Happiness beyond the limits which nature has prescribed is an illusion.
Northcote
The Horse of a Turkish Emperor had brought him safe out of a field of battle, and from the pursuit of a victorious enemy. As a reward for such good and faithful service, his master built him a stable of marble, shod him with gold, fed him in an ivory manger, and made him a rack of silver. He annexed to the stable several fields and meadows, lakes and running streams; at the same time he provided for him a seraglio of mares, the most beautiful that could be found in the whole Ottoman empire. To these were added a suitable train of domestics, consisting of grooms, farriers, rubbers, &c. accommodated with proper liveries and pensions. In short, nothing was omitted that seemed likely to contribute to the ease and happiness of his life, who had preserved the Emperor’s. But, after all, the horse was totally insensible to all this magnificence, and was only able to enjoy that small portion of good which administered pleasure to his natural appetites and an alleviation of his natural wants: all else was wholly thrown away upon him and lost; nay worse, as by it he became indolent, and of consequence diseased, and instead of being an increase of his happiness, it became the cause of his misery.
Application
In the foregoing instance is shown the folly of endeavouring to bestow happiness beyond the limits which nature has prescribed.

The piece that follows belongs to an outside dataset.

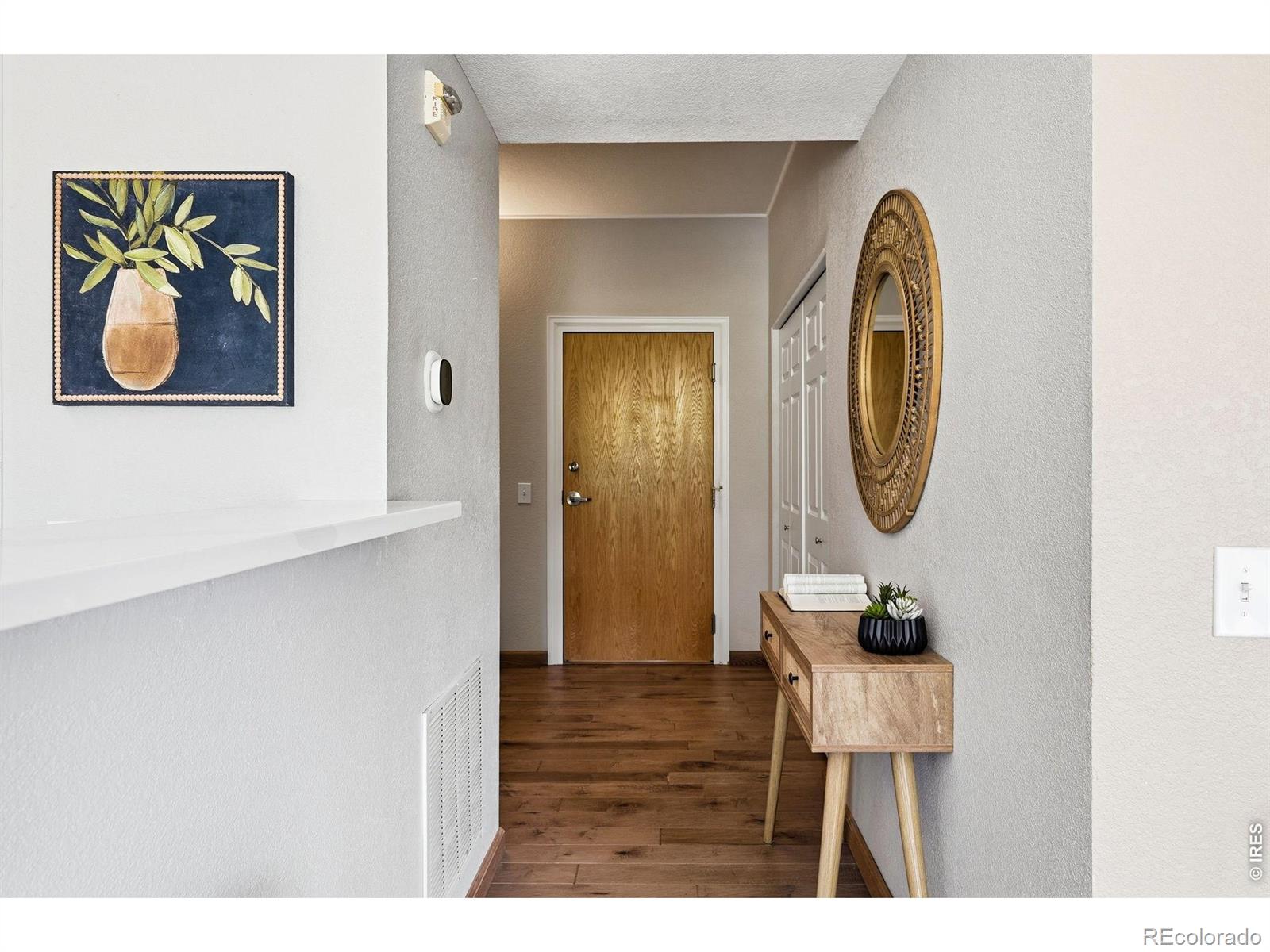 MLS Image #5 for 837 e 17th avenue,denver, Colorado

It is precisely the same thing with all these splendid superfluities which surround human greatness, and which we survey at a distance frequently with envy, and lament our privation of them; while to the great who possess them, they are in a manner lost, becoming stale and insipid, and recognized only by the trouble that is attached to them. Our natural wants are few, and by means of industry may always be supplied; all else are artificial wants, generated by idleness, pride, or folly, and commonly attended by more cost than profit, more trouble than pleasure.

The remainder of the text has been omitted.